*** Opening Exercise data ***
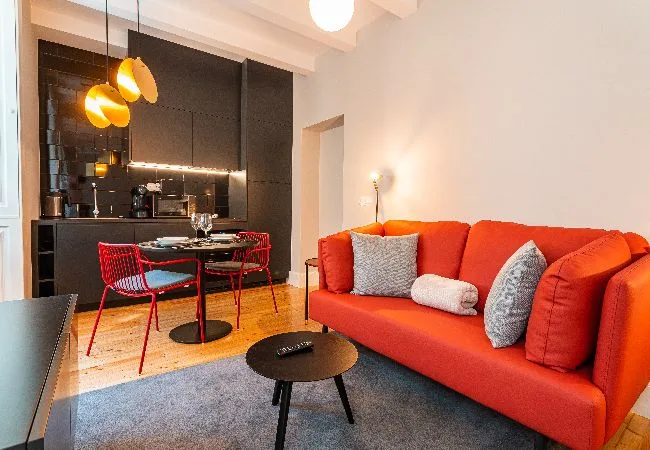 A bright living and dining area with a red sofa and a small dining table.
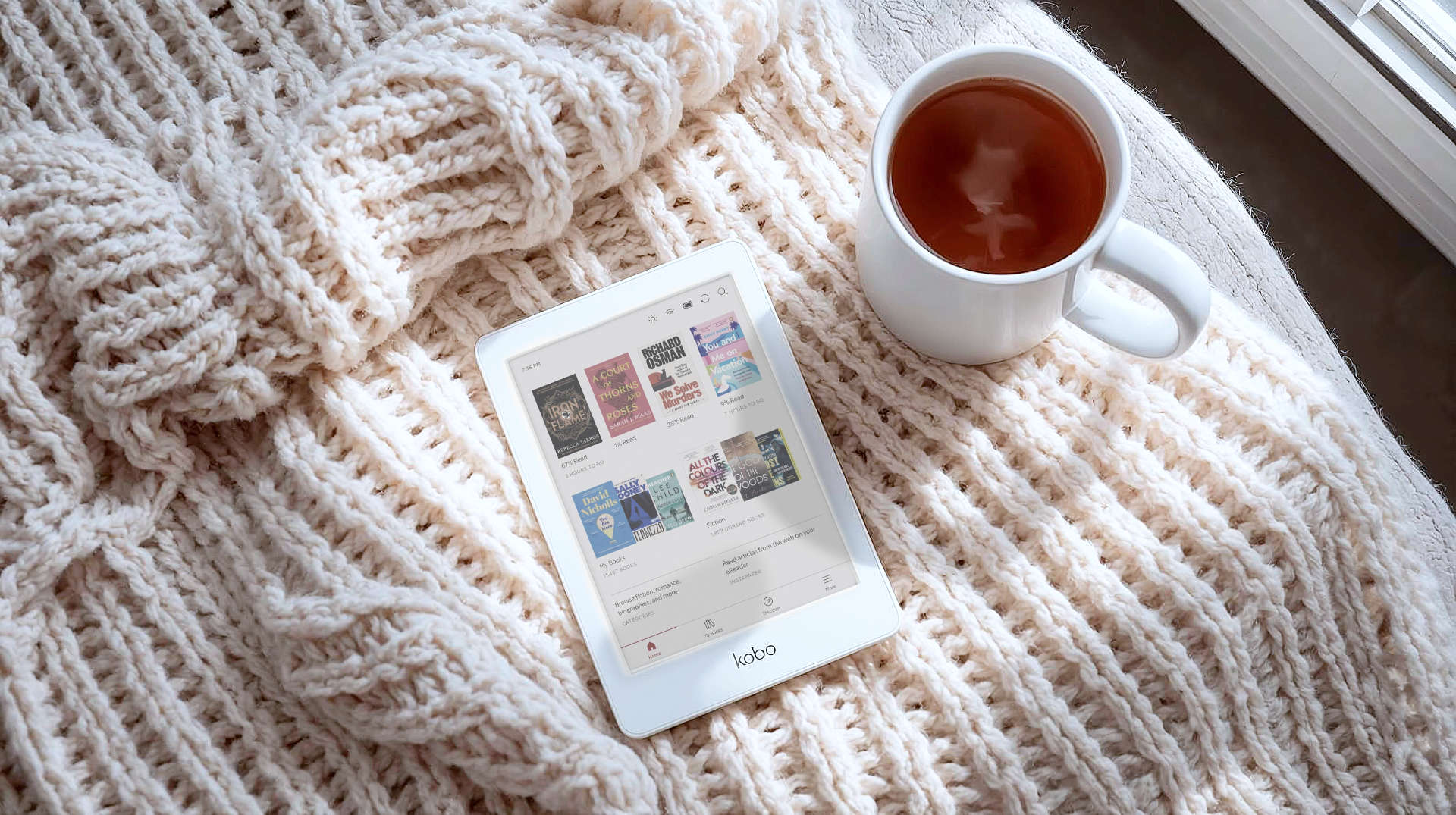 A high-resolution, top-down shot of the Kobo Clara Colour e-reader lying on a cozy knitted cream blanket next to a steaming mug of tea. The screen displays a vibrant, colourful comic book cover. Soft natural lighting from a nearby window illuminates the texture of the blanket and the matte finish of the screen.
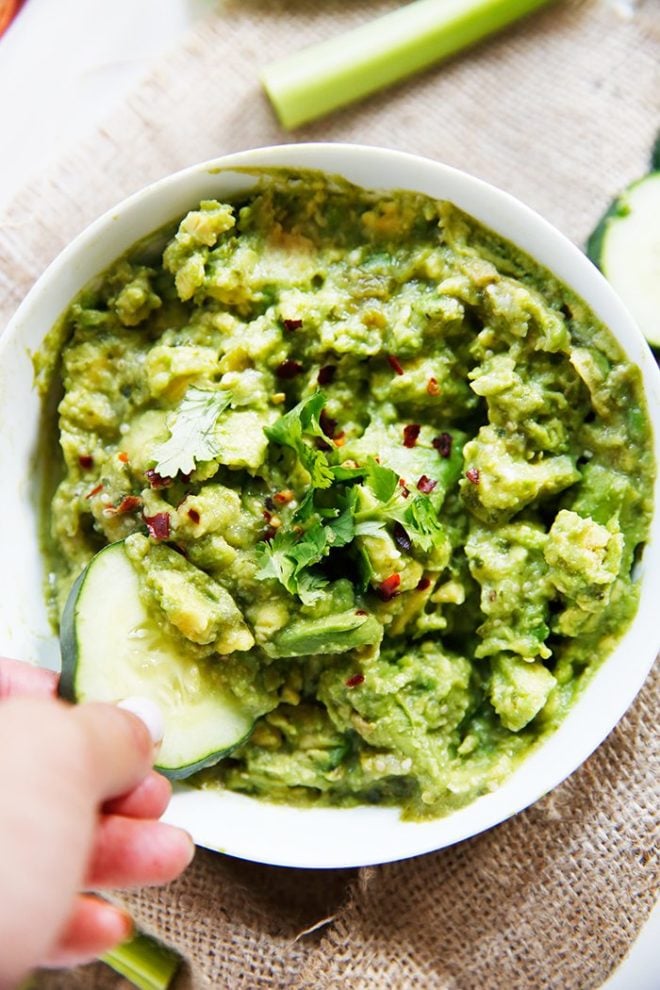 overhead view of a white bowl filled with roasted tomatillo salsa verde guacamole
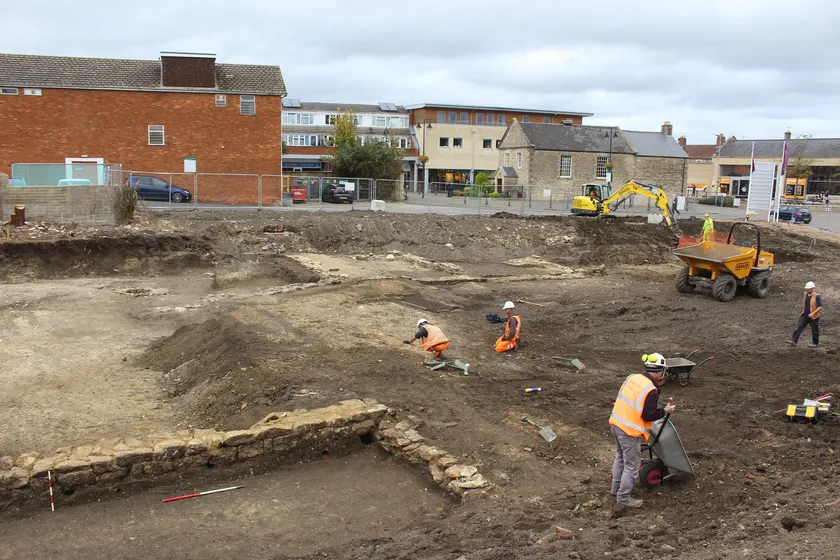 Archaeologists in high-visibility clothing working in an open excavation with stone walls exposed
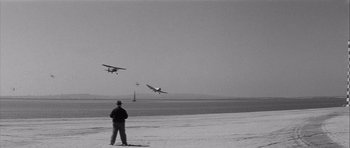 Movie still from “The Tarnished Angels” (1957), directed by Douglas Sirk – A man standing on a beach watching planes fly in the sky; Extreme Wide shot, Low angle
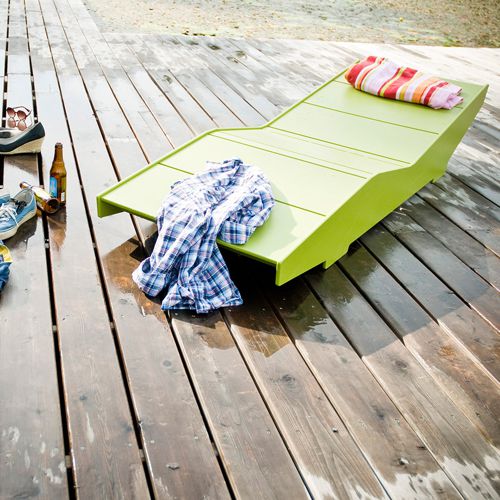 Camastro o asoleadero Luge de Loll Designs moderno de color verde y de plastico reciclado en una terraza o deck frente al mar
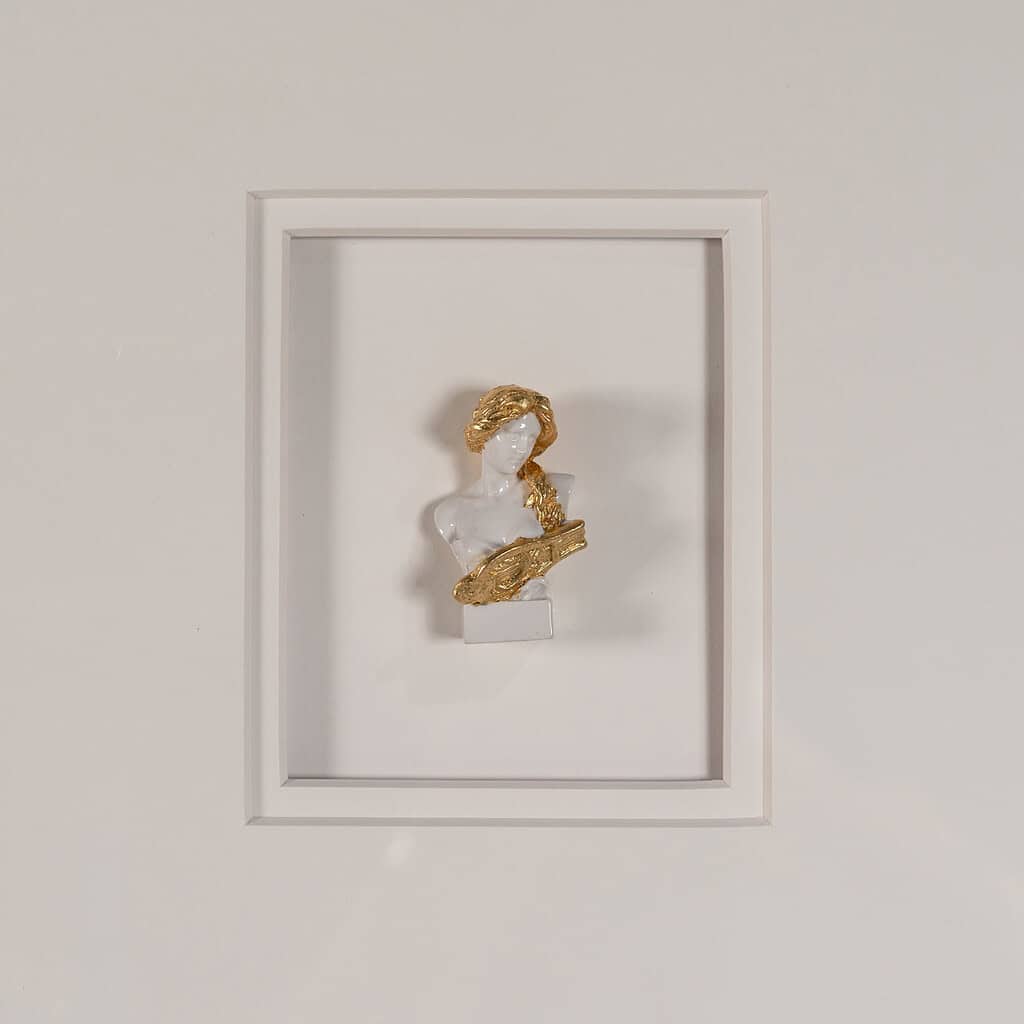 Elegante sieradenstandaard in een wit frame met gouden en witte sculptuur als decoratief stuk, ideaal voor een stijlvolle woonkamer of slaapkamer.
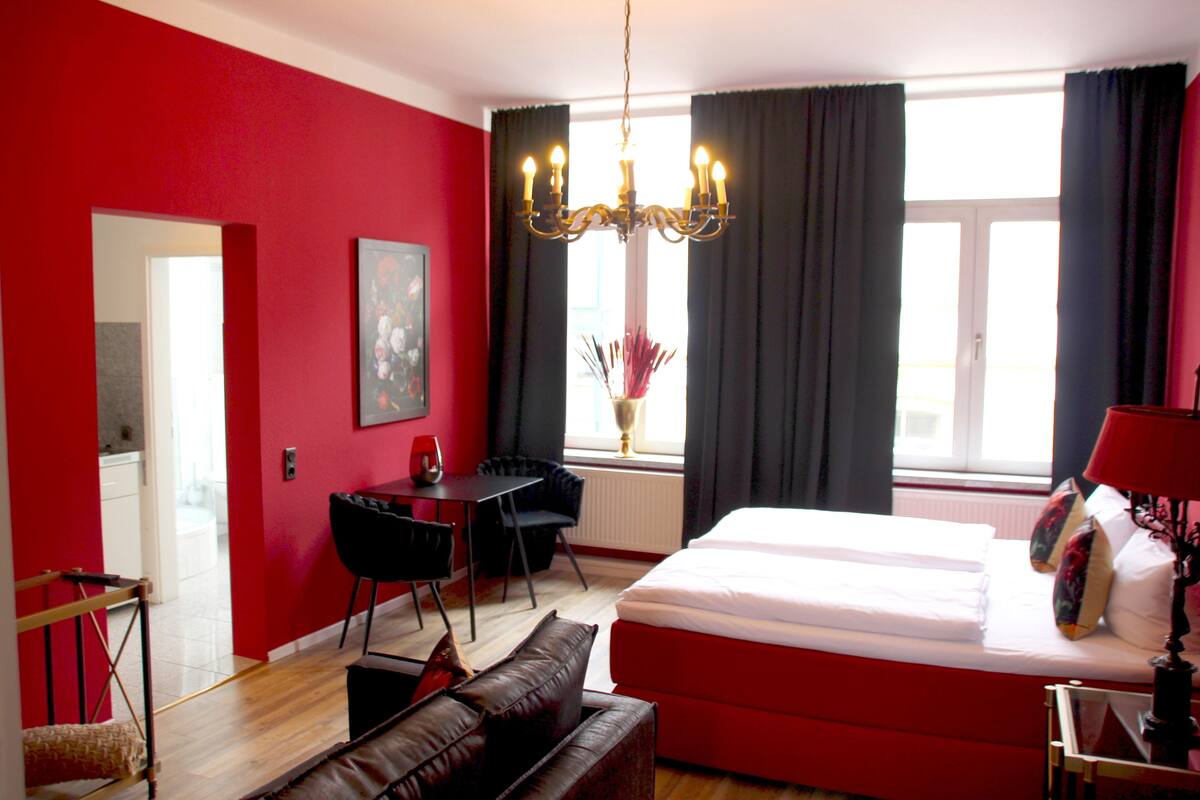 Une chambre d’hôtel avec un mur rouge, un grand lit, un bureau et un lustre.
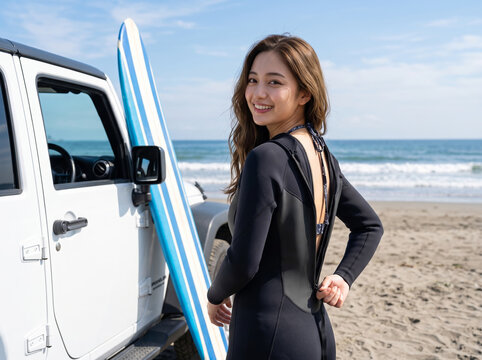 海を背景に笑顔でこちらを振り返るウェットスーツ姿の女性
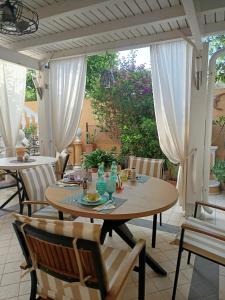 a wooden table and chairs on a patio at Domos Le Due Tuie in Piscinas +106 photos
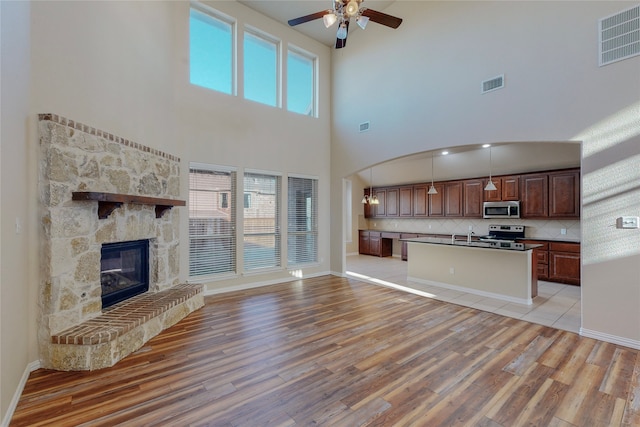 unfurnished living room featuring ceiling fan, visible vents, and light wood-style flooring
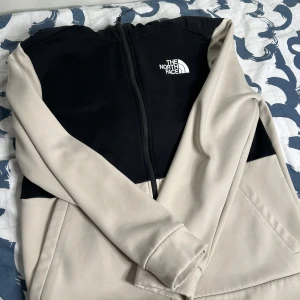 The North Face Hoodie - Säljer en snygg och bekväm jacka från The North Face i beige och svart för att jag bytte stil. Hoodie är perfekt för höst och vår. Den är i mycket bra skick. Jätte varmt och knappt använd. Skriv för mer info!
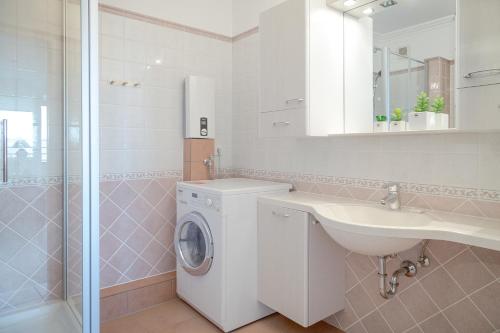 uma casa de banho com uma máquina de lavar roupa e um lavatório em Möwennest in der Strandstraße em Westerland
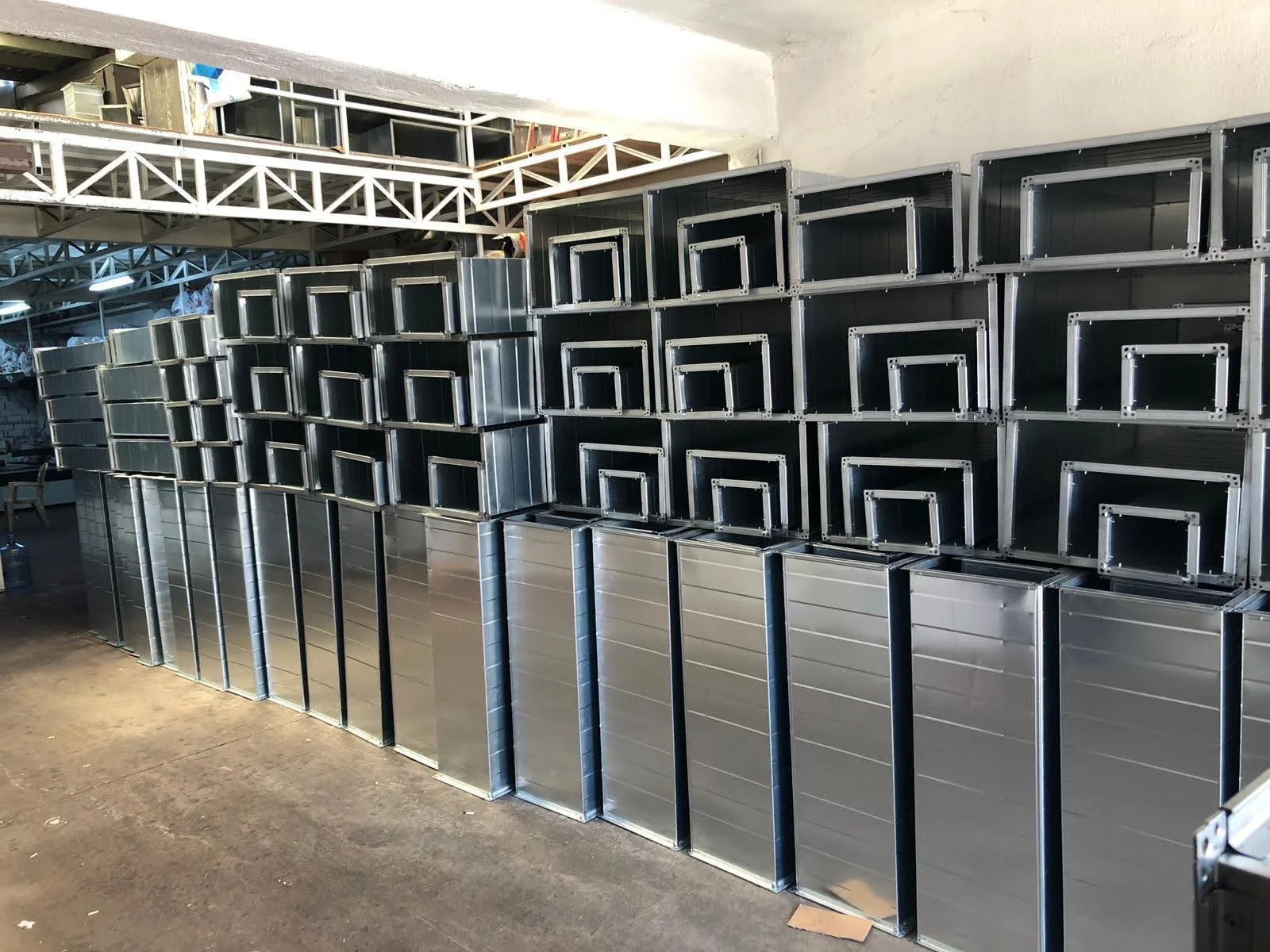 Stacked metal frames and panels in a workshop or storage area.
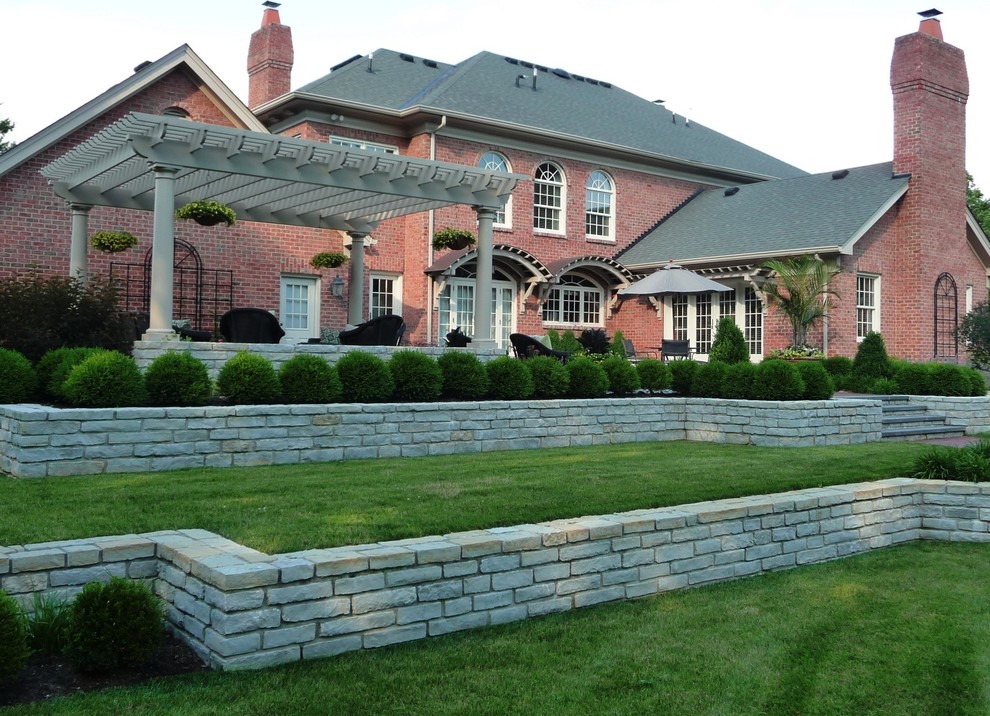 This is an example of a huge traditional shade backyard mulch retaining wall landscape in Cincinnati.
*** Closing Exercise data ***
• _Problem requirements_
Using the data above, retype exactly the lines from the line with "unfurnished living room" to the line with "uma casa de", inclusive. No pictures and nothing else.

• _Response area_
 unfurnished living room featuring ceiling fan, visible vents, and light wood-style flooring
 The North Face Hoodie - Säljer en snygg och bekväm jacka från The North Face i beige och svart för att jag bytte stil. Hoodie är perfekt för höst och vår. Den är i mycket bra skick. Jätte varmt och knappt använd. Skriv för mer info!
 uma casa de banho com uma máquina de lavar roupa e um lavatório em Möwennest in der Strandstraße em Westerland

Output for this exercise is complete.